[[ GIVEN DATA, beginning ]]

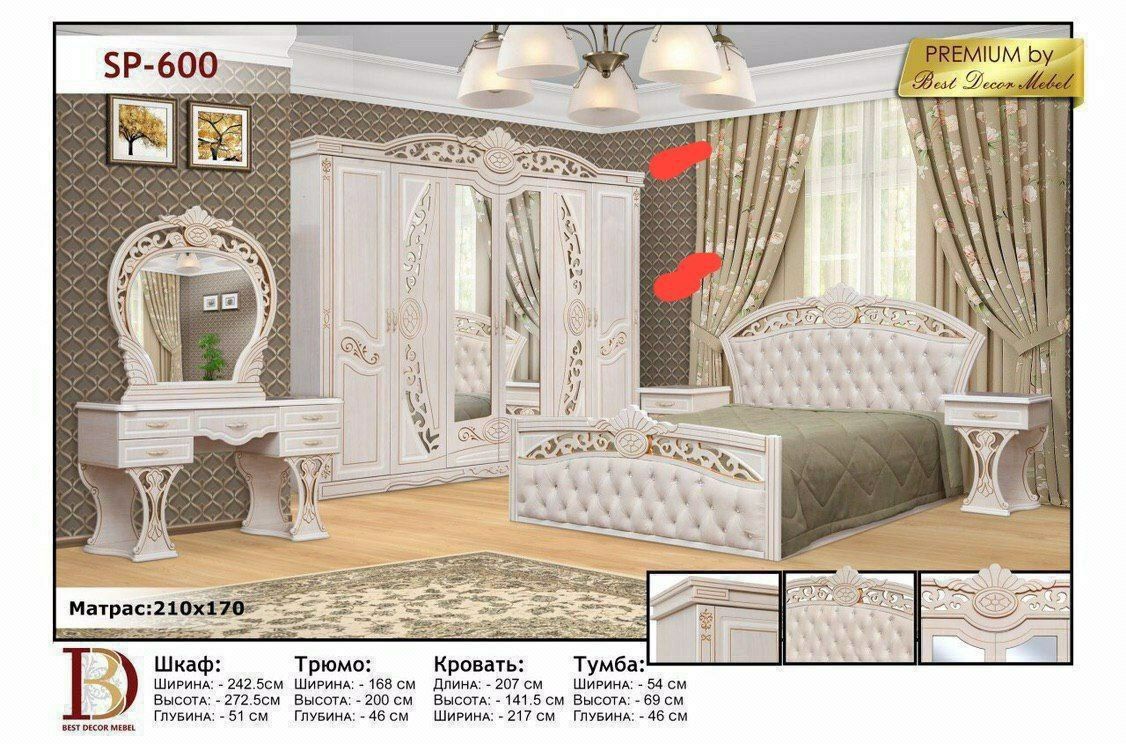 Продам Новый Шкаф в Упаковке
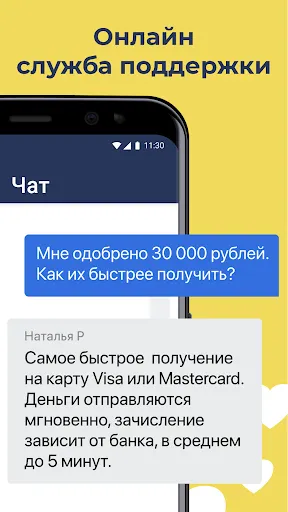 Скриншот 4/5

[[ GIVEN DATA, end ]]
[[ GIVEN DATA, beginning ]]

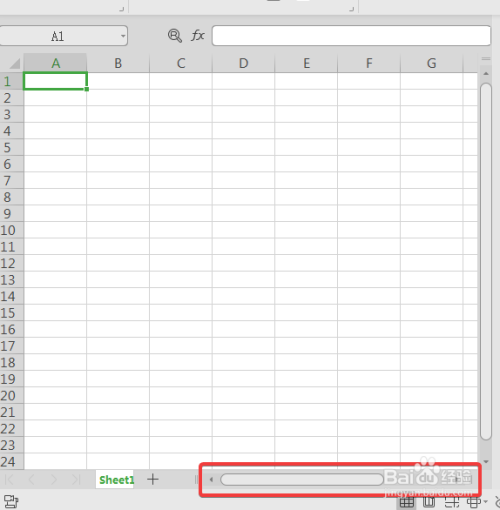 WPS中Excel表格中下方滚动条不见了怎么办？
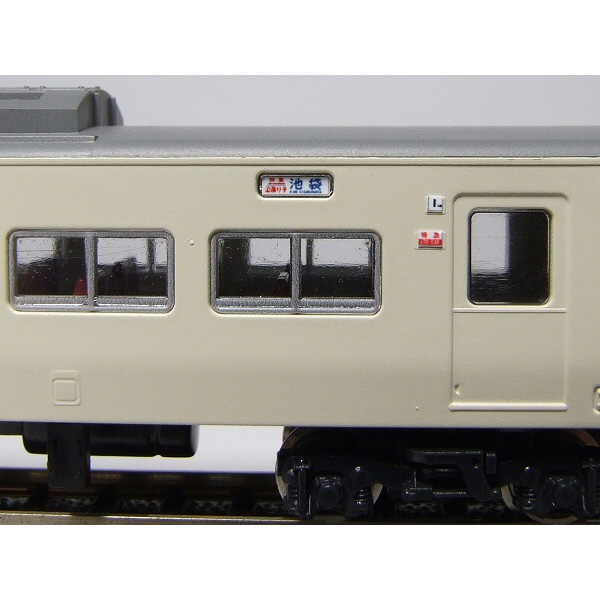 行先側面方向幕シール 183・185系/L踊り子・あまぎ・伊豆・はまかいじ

[[ GIVEN DATA, end ]]

*AIM OF THE EXERCISE*
What belongs in the answer is each line above from the line with "WPS中Excel表格中下方滚动条不见了怎么办？" to the line with "行先側面方向幕シール 183・185系/L踊り子・あまぎ・伊豆・はまかいじ", inclusive, reproduced exactly and free of pictures.

*TASK RESULT*
 WPS中Excel表格中下方滚动条不见了怎么办？
 行先側面方向幕シール 183・185系/L踊り子・あまぎ・伊豆・はまかいじ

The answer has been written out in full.